OVERFLOW has been ported to run on the GPUs using the approaches presented above. This section presents the overall design of the GPU path in OVERFLOW, the options in OVERFLOW that have been ported to run on GPUs so far, and the performance of the GPU path in OVERFLOW compared to the CPU path.

#### A. Implementation Progress

The GPU path in OVERFLOW is designed as follows:

- 1) Read namelist and input files
- 2) Set up normal CPU data structures
- 3) If running on the GPU:
  - 1) Check to ensure that the requested options have been ported to the GPU.
  - 2) Create the GPU data structures and copy the relevant CPU data onto the GPU.
  - 3) Solve the problem on the GPU, only copying the data from the GPU to CPU when necessary for output.
  - 4) Copy all the data back to the CPU.
- 4) Perform all necessary post-processing and output on the CPU.

Unfortunately, our current approach means that there are two paths through the code, one for the normal CPU path and a separate one for the GPU path. Some routines, such as some boundary conditions, are shared between the two paths (a benefit of the directive approach), but most of the GPU path is rewritten as separate routines. This rewrite was necessitated by the significant performance optimizations discussed above to make the GPU version competitive with the optimized CPU path.

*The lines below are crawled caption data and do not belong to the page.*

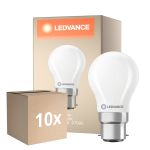 Multipack 10x Ledvance Classic LED B22 Pear Frosted 3.4W 470lm - 827 Extra Warm White | Dimmable - Replaces 40W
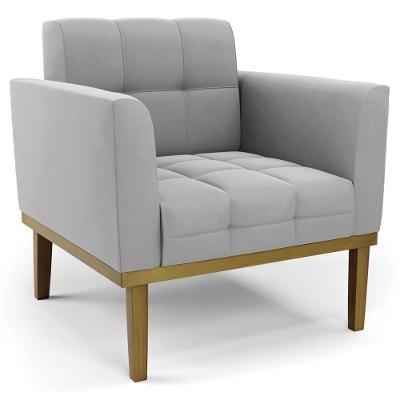 Poltrona Decorativa Ana Suede Cinza Ibiza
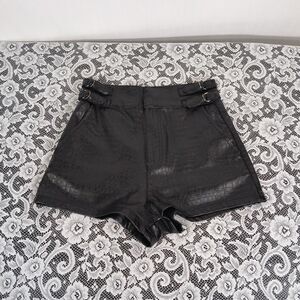 Faux Leather Shorts w/ Pockets and Cinches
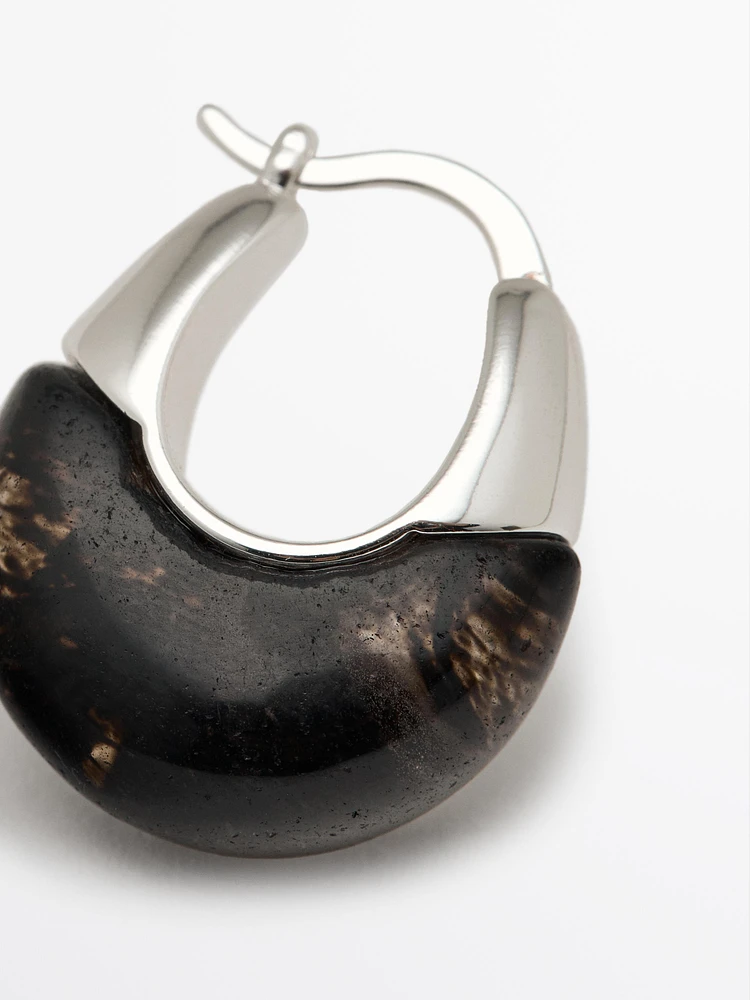 Ring earrings with natural stone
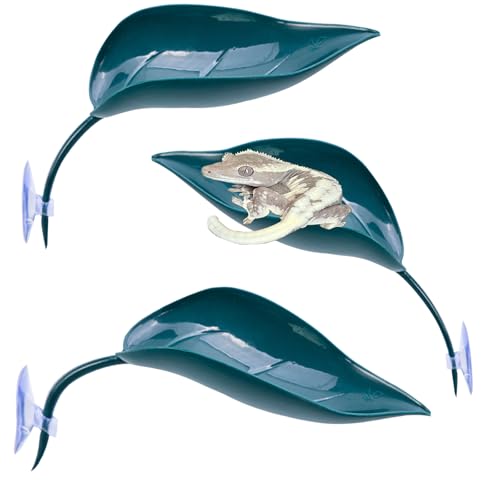3pcs Crested Gecko Hide，Wall Climbing Gecko Toy，Reptile Leaf，Crested Gecko Tank Accessories，Turtle Tank Decorations，Tree Frog Terrarium Accessories (Grass Green) - color: Grass Green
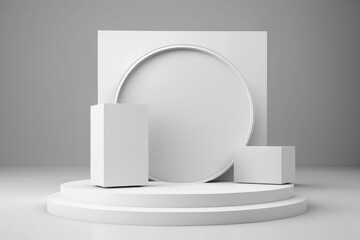 3d background products display podium. background vector 3d rendering with podium. stand to show cosmetic product on podium 3d. Stage showcase on pedestal display beige background studio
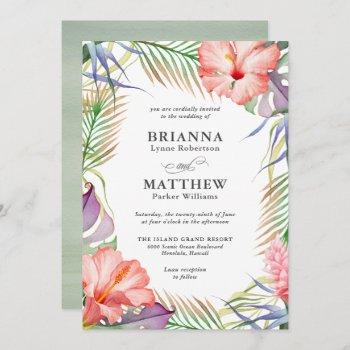 hawaiian luau tropical island floral wedding invitation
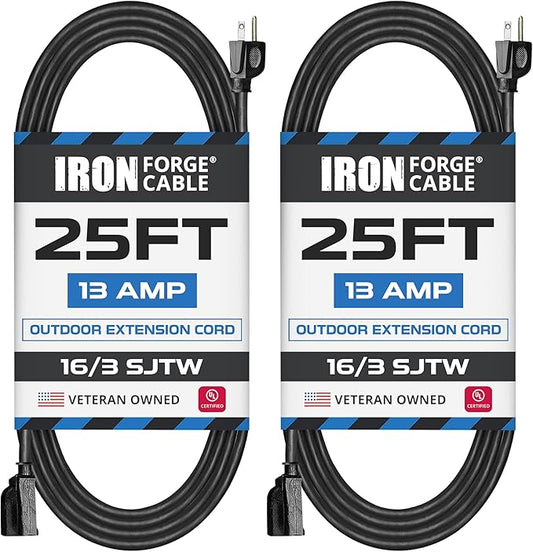 Iron Forge Cable 2 Pack 25 Ft Black Extension Cord, 16/3, 25 Foot Extension Cord, 3 Prong, Weatherproof - Great for Outside Use
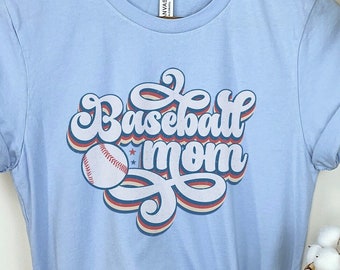 ADULT Baseball Mom Retro Style Tee - 12 Modern Color Hues, Game Day Ready, Baseball Mom, Baseball 2024, Retro Baseball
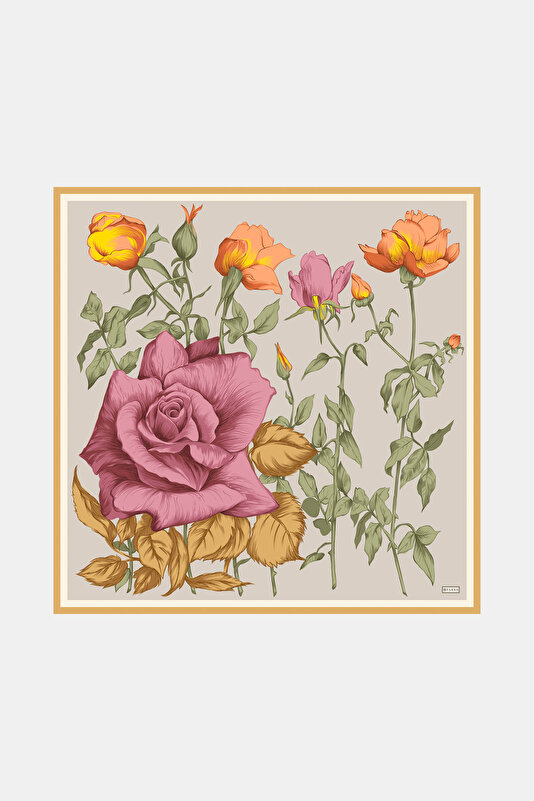 DRIED ROSE FLORAL PATTERN TWILL SCARF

While many of these changes, such as reducing the memory usage, should also be beneficial for the CPU, our experience is that these changes, when run on a CPU, actually reduce the performance. This is usually because the increased complexity of the loops breaks vectorization and other compiler optimizations. Removing the temporary arrays does not have a significant effect on the CPU version of the code since, with larger cache size per thread, most of the temporary arrays fit in some level of cache.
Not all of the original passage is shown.